TAOCP 3.4.2 Exercise 3

Section 3.4.2: Random Sampling and Shuffling

Exercise 3. ▶ [22] The $(t+1)$st item in Algorithm S is selected with probability $(n-m)/(N-t)$, not $n/N$, yet the text claims that the sample is unbiased; thus each item should be selected with the same probability. How can both of these statements be true?

Verified: yes
Solve time: 6m36s

Solution

There is no contradiction because the two probabilities refer to different events.

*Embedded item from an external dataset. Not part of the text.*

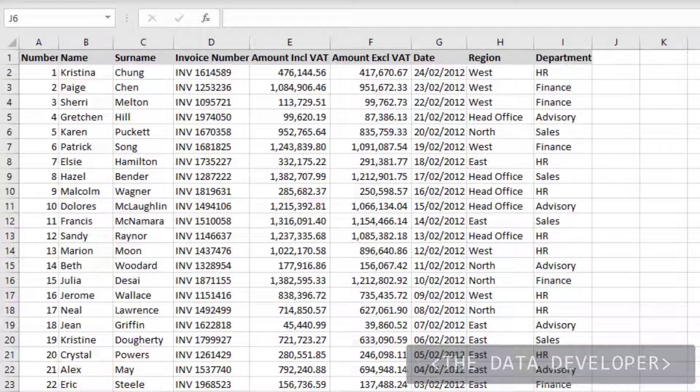In this video we're going to discuss the SUBTOTAL function. The SUBTOTAL function is something different from subtotaling, which is discussed in another video.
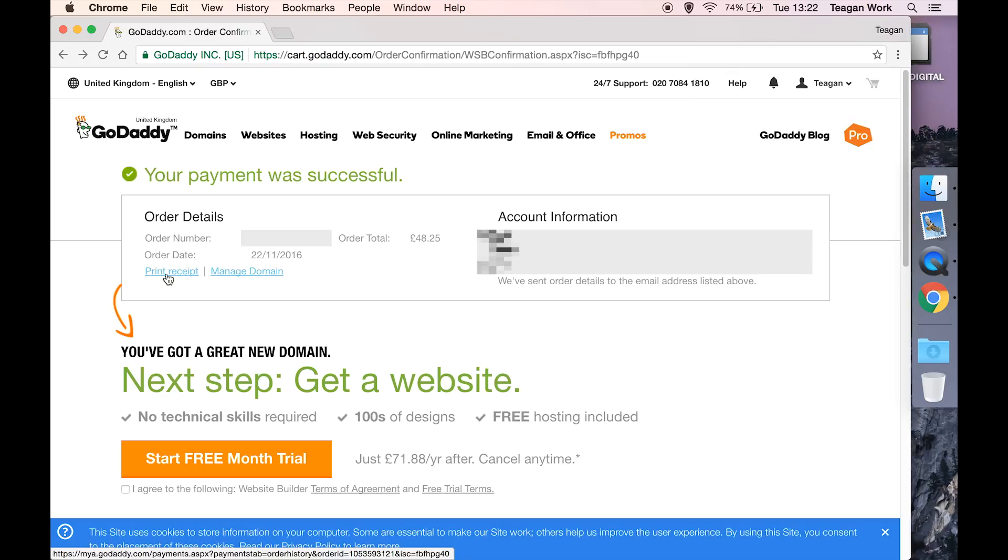So that's it guys, congratulations, you now have a shiny new domain name to do whatever your heart desires with. I hope this video was helpful guys, and I will see you in the next one where we're probably going to point the domain name servers.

At step S5 of Algorithm S, suppose that $t$ records have been examined and $m$ of them have been selected. Since the final sample must contain exactly $n$ records, there remain $n-m$ selections to be made from the remaining $N-t$ records. Therefore the conditional probability that record $t+1$ is selected when it is encountered is

$$ \frac{n-m}{N-t}. $$

This quantity depends on the random variable $m$, so it is generally not equal to $n/N$.

The claim that the sample is unbiased concerns the unconditional probability that a given record belongs to the final sample. We shall show that this probability is $n/N$ for every record.

Let

$$ P_m=\Pr{\text{exactly }m\text{ selections among the first }t\text{ records}}. $$

Then

$$ \Pr{\text{record }t+1\text{ is selected}} =\sum_m P_m\frac{n-m}{N-t}. $$

Using linearity of expectation,

$$ \Pr{\text{record }t+1\text{ is selected}} =\frac{n-E[m]}{N-t}. $$

It remains to determine $E[m]$.

Let $I_j$ be the indicator variable of the event that record $j$ is selected, for $1\le j\le t$. Then

$$ m=\sum_{j=1}^{t} I_j, $$

hence

$$ E[m] =\sum_{j=1}^{t} E[I_j] =\sum_{j=1}^{t} \Pr{\text{record }j\text{ is selected}}. $$

Now prove by induction on the position of the record that every record has selection probability $n/N$.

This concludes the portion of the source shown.